Toda pessoa que, pela fé, acolhe Jesus e dele se alimenta já possui a vida eterna. A fé em Jesus não se resume a um assentimento intelectual nem apenas a uma adesão religiosa, sem compromisso concreto. A fé é um jeito de ser que perpassa o cotidiano da vida. É a configuração da nossa vida na vida de Jesus. Assim, todo aquele que vive em Jesus não perecerá. Foi para isso que Deus enviou o seu Filho ao mundo. “Esta é a vontade de meu Pai: que todo aquele que vê o Filho e nele crê tenha a vida eterna; e eu o ressuscitarei no último dia”. A fé nos possibilita “ver” Jesus, penetrar no seu mistério e inundar todo o nosso ser pelo dom da verdadeira vida.

A comunidade joanina confessa que Jesus veio ao mundo “para que todos tenham vida e vida em plenitude” (Jo 10,10). Esta é também a nossa confissão de fé: ele é o doador da vida plena já para este mundo e para a eternidade. Ele mostrou o caminho da justiça e da fraternidade a este mundo e venceu a morte pela sua ressurreição. Ele não exclui ninguém. Nele já ressuscitamos para a vida. A morte não tem a última palavra.

III. Pistas para reflexão

- Meus olhos verão a Deus. Deus se revela na história humana de modo processual. Pouco a pouco, conforme atesta a Bíblia. Ele se deu a conhecer juntamente com o seu plano de amor e salvação. O livro de Jó mostra que o ser humano é um buscador de Deus. No meio de muitas perguntas, dúvidas e crises, Deus permite que amadureçamos até nos convencermos de que ele realmente existe e é a fonte de toda a vida. Reconhecemos que, sem sua presença amiga e misericordiosa, a vida perderia todo o sentido. O encontro com Deus transforma o nosso jeito de pensar e agir. Ele é defensor da vida, o doador de todos os bens. Dele viemos e para ele voltamos. Com base nessas afirmações, é importante nos perguntarmos como estamos administrando a vida que Deus nos deu. Que rumo estamos dando à nossa breve existência? Com quais valores irrenunciáveis orientamos os nossos passos na direção da morada definitiva?

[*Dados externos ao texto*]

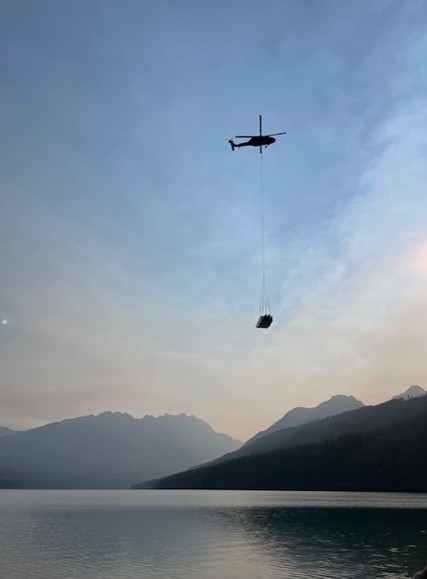 A helicopter lifts a load above Kintla Lake.
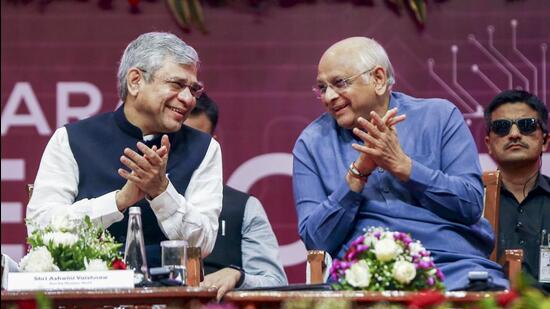 Union minister Ashwini Vaishnaw, left, interacts with Gujarat chief minister Bhupendra Patel during the Gujarat SemiConnect Conference, in Gandhinagar, Gujarat, on March 1 (PTI)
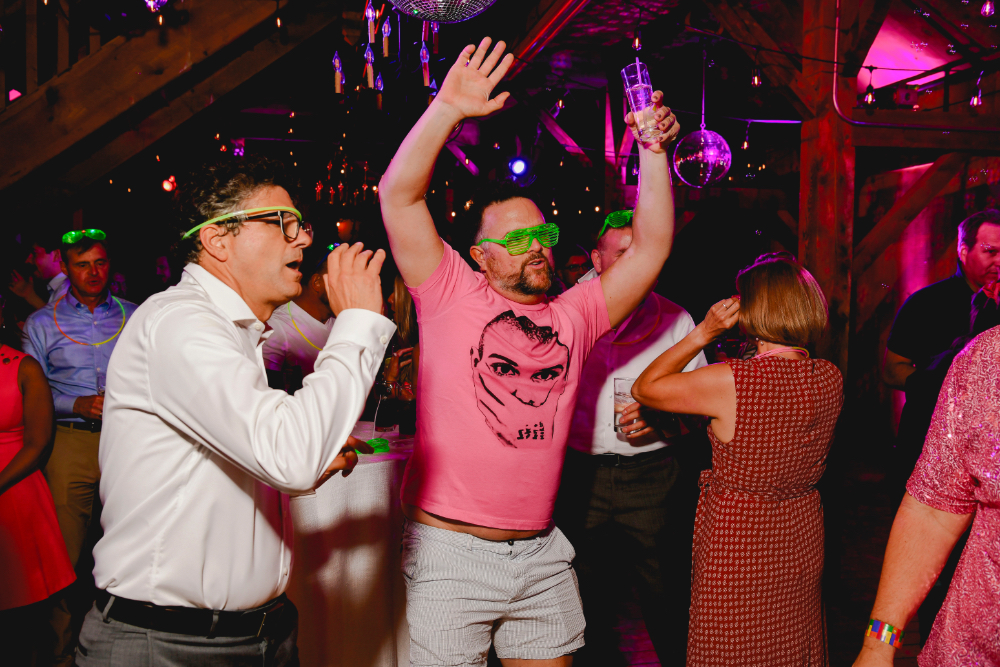 Friends laughing and dancing together on the glowing 80s-inspired dance floor.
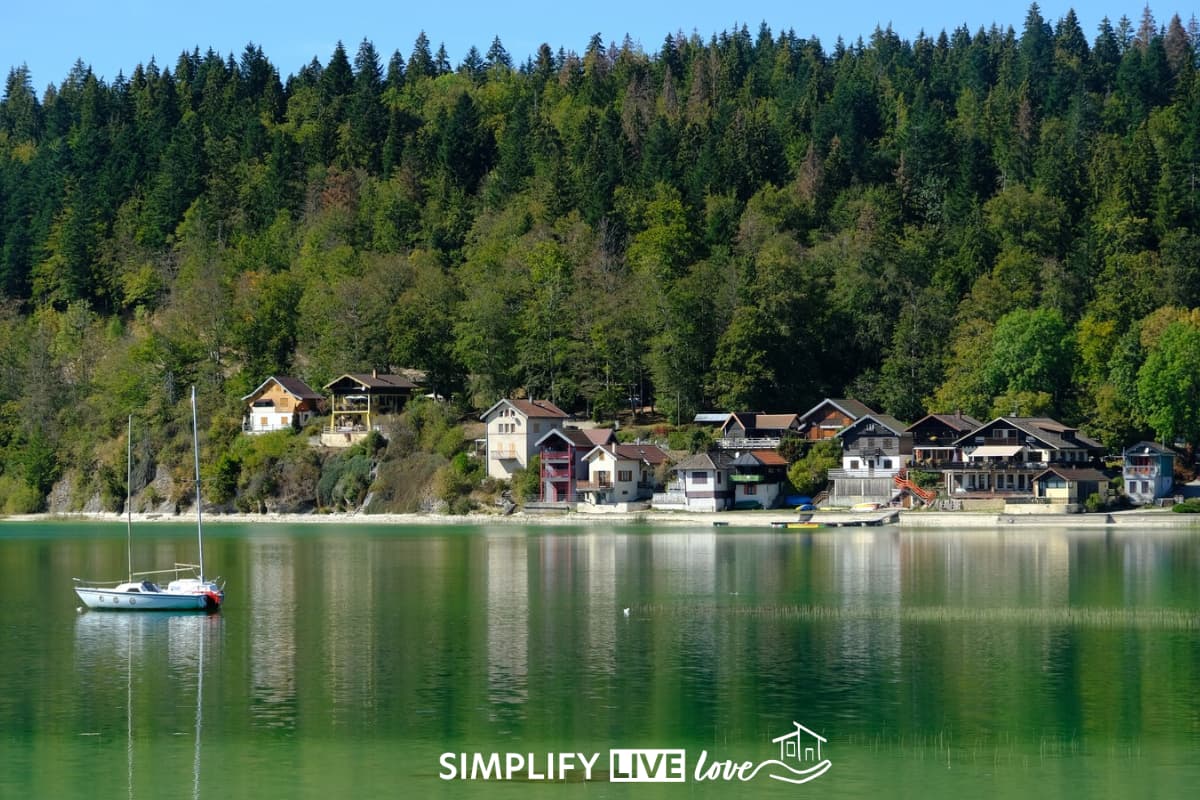 Sailboat moored on the calm green water of Lac de Saint-Point near Malbuisson in the French Jura, with chalet-style houses along the shore below a pine forest.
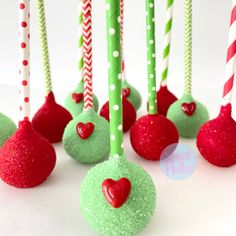 green and red cake pops with candy hearts on them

- Meus olhos veem a Deus. Enquanto Jó confessa sua fé na futura visão de Deus, o Evangelho de João nos indica que já podemos “ver” a Deus na pessoa de Jesus Cristo. O processo de revelação de Deus e de seu plano de amor e salvação culminou em Jesus. Ele veio ao mundo para que tenhamos a vida, e vida plena. Ver a Jesus com os olhos da fé implica viver conforme sua prática e seus ensinamentos. Quem está em Jesus e dele se alimenta (palavra e eucaristia) já possui a vida eterna. Uma pessoa é irradiadora da verdadeira vida quando pauta seus pensamentos, projetos, palavras e ações no evangelho de Jesus Cristo...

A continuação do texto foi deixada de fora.